Photodynamic Sensory Neuropathy in a Patient Treated With St John’s Wort

Suha Khalifa, MD

Published: August 20, 2015

Photodynamic Sensory Neuropathy in a Patient Treated With St John’s Wort

To the Editor: The popular herbal preparation St John’s wort is widely used to treat mild to moderate depression. The chemical composition of St John’s wort has been well studied.1 Hypericin, an active ingredient in St John’s wort, has many psychoactive and photodynamic properties, and photosensitivity is one of its possible side effects.2 This report highlights a case of allodynia induced by St John’s wort following sun exposure.


Case report: Ms A, a 40-year-old woman, presented to a private family practice office with depressive symptoms. She was diagnosed with mild to moderate depression after scoring 5 on the 9-item Patient Health Questionnaire.3 Ms A had read about some over-the-counter supplements and decided to try the herbal medication St John’s wort 500 mg twice daily before starting any other treatment options.

During the follow-up visit 4 weeks after initiating therapy with St John’s wort, Ms A noted improvement of her depressive symptoms but complained of a tingling sensation in her hands whenever she washed them with cold water. This sensation began during the fourth week of therapy after she started working long hours in the sun. The physical examination revealed no skin erythema or burning. The use of a cold tuning fork on the hands produced a tingling sensation and discomfort; light touch did not provoke pain. The symptoms were restricted to the hands. There were no motor or other sensory disturbances, and she had normal peripheral reflexes.

Following a review of the literature, Ms A was diagnosed with subacute toxic neuropathy on the basis of a report by Bove,4 who described a patient who experienced similar symptoms following ingestion of St John’s wort. St John’s wort was discontinued, and Ms A’s symptoms started improving after 1 week, with complete resolution of symptoms within 3 weeks of stopping the herb.

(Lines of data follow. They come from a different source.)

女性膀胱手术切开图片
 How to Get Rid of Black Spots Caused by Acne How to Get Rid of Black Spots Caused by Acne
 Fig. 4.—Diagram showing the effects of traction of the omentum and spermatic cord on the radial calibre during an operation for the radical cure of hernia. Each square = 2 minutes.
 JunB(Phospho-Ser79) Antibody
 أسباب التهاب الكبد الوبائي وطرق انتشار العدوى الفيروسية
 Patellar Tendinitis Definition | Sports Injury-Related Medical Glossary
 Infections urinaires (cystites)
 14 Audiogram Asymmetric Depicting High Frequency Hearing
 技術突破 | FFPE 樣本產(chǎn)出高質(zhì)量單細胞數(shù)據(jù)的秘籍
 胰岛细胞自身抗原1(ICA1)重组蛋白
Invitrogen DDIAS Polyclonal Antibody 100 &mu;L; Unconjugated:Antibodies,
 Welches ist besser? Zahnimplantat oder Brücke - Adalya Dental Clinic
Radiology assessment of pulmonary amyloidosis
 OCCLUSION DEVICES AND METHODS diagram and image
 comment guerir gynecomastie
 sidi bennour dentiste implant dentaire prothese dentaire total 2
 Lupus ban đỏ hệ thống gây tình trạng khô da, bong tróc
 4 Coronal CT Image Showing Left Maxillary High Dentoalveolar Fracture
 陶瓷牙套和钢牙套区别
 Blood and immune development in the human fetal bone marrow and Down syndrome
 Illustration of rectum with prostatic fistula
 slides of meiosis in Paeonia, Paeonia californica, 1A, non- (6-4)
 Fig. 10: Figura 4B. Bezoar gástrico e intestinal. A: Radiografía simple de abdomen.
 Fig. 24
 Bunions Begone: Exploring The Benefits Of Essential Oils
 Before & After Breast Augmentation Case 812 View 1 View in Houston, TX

In a case report, Bove4 suggested that possible demyelination of cutaneous axons caused a patient’s symptoms, but the lack of any other motor or sensory involvement might suggest a different etiology. One possible suggestion would be the activation of the transient receptor potential cation channel, subfamily A, member 1 (TRPA1), a nociceptive ion channel expressed in the unmyelinated c fibers in the sensory neurons in the skin. TRPA1 is considered a key player in acute and chronic (neuropathic) pain, and it is activated by noxious cold and chemical compounds.5 Hypericin activation occurs when the substance is exposed to ultraviolet A. This exposure leads to the release of reactive oxygen radicals,6 which have the potential to activate TRPA1, leading to painful or burning sensations in the light-exposed areas, mimicking symptoms occurring during photodynamic therapy.5

Photosensitivity can occur with the use of St John’s wort, but clinicians also should be aware of possible photodynamic activation of sensory neurons with sunlight exposure.


1. Barnes J, Anderson LA, Phillipson JD. St John’s wort (Hypericum perforatum L.): a review of its chemistry, pharmacology and clinical properties. J Pharm Pharmacol. 2001;53(5):583-600. PubMed doi:10.1211/0022357011775910

2. Lantz MS, Buchalter E, Giambanco V. St. John’s wort and antidepressant drug interactions in the elderly. J Geriatr Psychiatry Neurol. 1999;12(1):7-10. PubMed doi:10.1177/089198879901200103

3. Spitzer RL, Kroenke K, Williams JBW. Validation and utility of a self-report version of PRIME-MD: the PHQ primary care study. Primary Care Evaluation of Mental Disorders. Patient Health Questionnaire. JAMA. 1999;282(18):1737-1744. PubMed doi:10.1001/jama.282.18.1737 >

4. Bove GM. Acute neuropathy after exposure to sun in a patient treated with St John’s wort. Lancet. 1998;352(9134):1121-1122. PubMed doi:10.1016/S0140-6736(05)79763-4

5. Nilius B, Appendino G, Owsianik G. The transient receptor potential channel TRPA1: from gene to pathophysiology. Pflugers Arch. 2012;464(5):425-458. PubMed doi:10.1007/s00424-012-1158-z

6. Van Kets V, Karsten A, Davids LM. Laser light activation of a second-generation photosensitizer and its use as a potential photomodulatory agent in skin rejuvenation. Lasers Med Sci. 2013;28(2):589-595. PubMed doi:10.1007/s10103-012-1115-2

Suha Khalifa, MD

Author affiliation: Department of Family and Community Medicine, University of Jordan, Amman.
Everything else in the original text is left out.